Patients were also required to have adequate hepatic function, defined as total bilirubin no more than 2.0 times the institutional upper limit of normal (ULN), alanine aminotransferase and aspartate aminotransferase levels no more than 2.5 times the institutional ULN, in addition to adequate renal function defined as serum creatinine levels no more than 1.5 times ULN. Patients were excluded from the study if they had an Eastern Cooperative Oncology Group (ECOG) performance status of grade 3 or greater, uncontrolled or significant cardiovascular disease, or a history of a significant bleeding disorder unrelated to CML.

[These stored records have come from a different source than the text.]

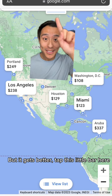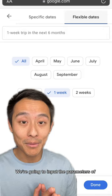Tap this little bar here. Once the bar comes down, you can go ahead and punch in the travel dates. We're going to input the parameters of what month we want to travel and how long of a vacation we're looking for.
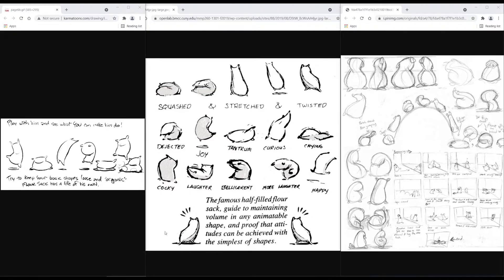We're going to see if we can put these reference images in the YouTube description because they're pretty good. This one is just kind of a storyboard. These two I like a lot. But let's get right into it.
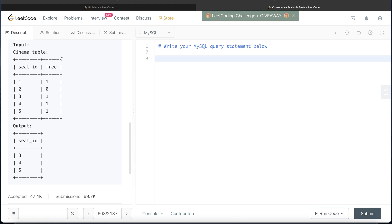One approach is to add another column to this table indicating whether the next seat in line is free or not. Then based on that we can compare whether the current seat is free as well as the next seat is free, and return the seat_id. So let's write the query based on this logic and then see what problem it might have.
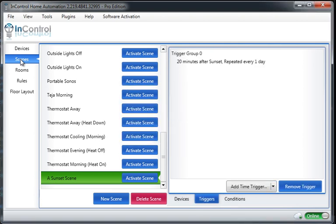So I know that was pretty quick, but this is a quick example of our new triggers and conditions found for a scene. Thanks.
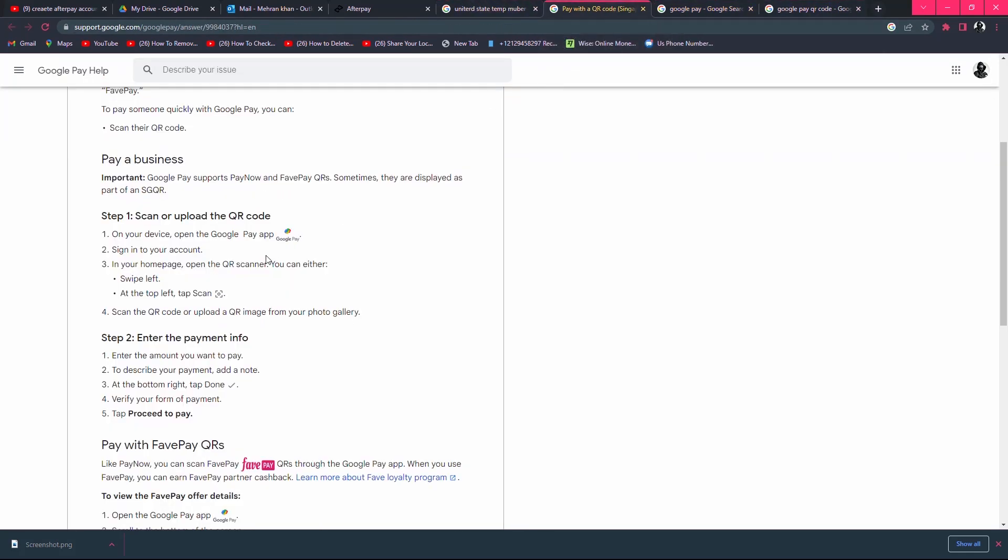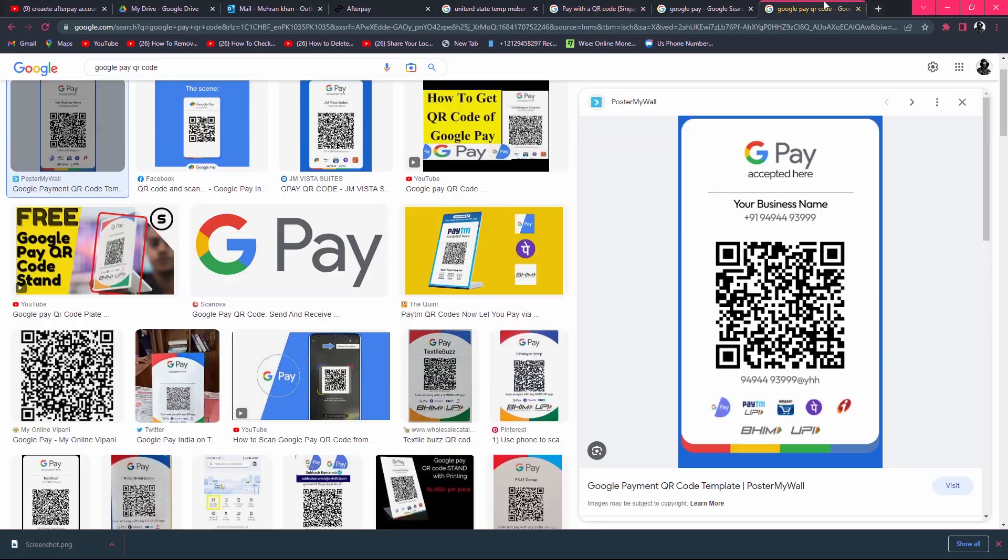In the next step, on your device, open the Google Pay app, sign in to your account, and on your home page, open the QR code scanner. You can either swipe left at the top left tab to scan the QR code, or upload a QR image from your photo gallery.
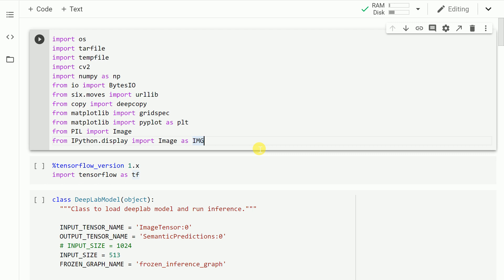The initial part of the code is taken directly from the official TensorFlow demo of the DeepLab model for semantic segmentation. I'll add the link to the notebook in the description section of the video. Feel free to explore the notebook more.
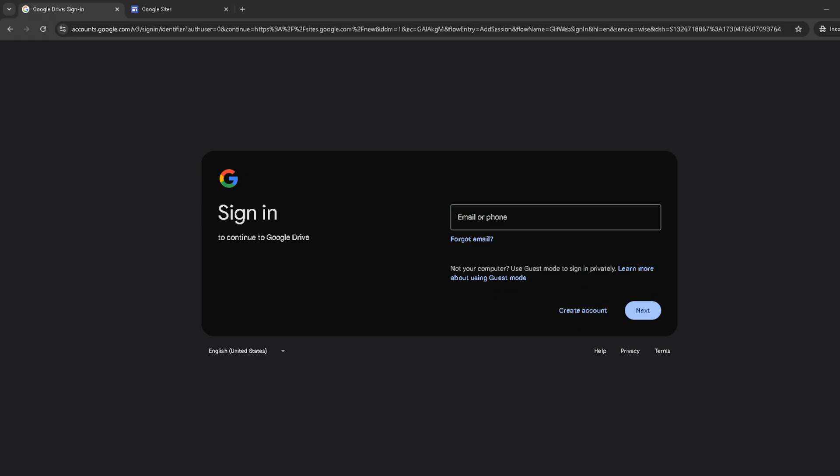First things first, let's dive into how you can access your existing Google Sites webpage for editing. Begin by visiting the Google Sites homepage. If you're not already signed in, you'll see a sign in button at the top right corner of the page.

Following screening, eligible patients received dasatinib 70 mg twice daily (140 mg total daily dose), based on the previously reported outcome of a phase 1 dose-escalation study.²  Treatment with dasatinib continued until progression of disease despite dose escalation or development of intolerable toxicity. Following the last dose of study therapy, all patients were followed for a minimum of 30 days or until recovery from all toxic effects, whichever was longer. Follow-up visits occurred at least every 4 weeks until all study-related toxicities resolved to baseline or National Cancer Institute Common Toxicity Criteria (NCI CTC) no greater than grade 1, stabilized, or were deemed irreversible.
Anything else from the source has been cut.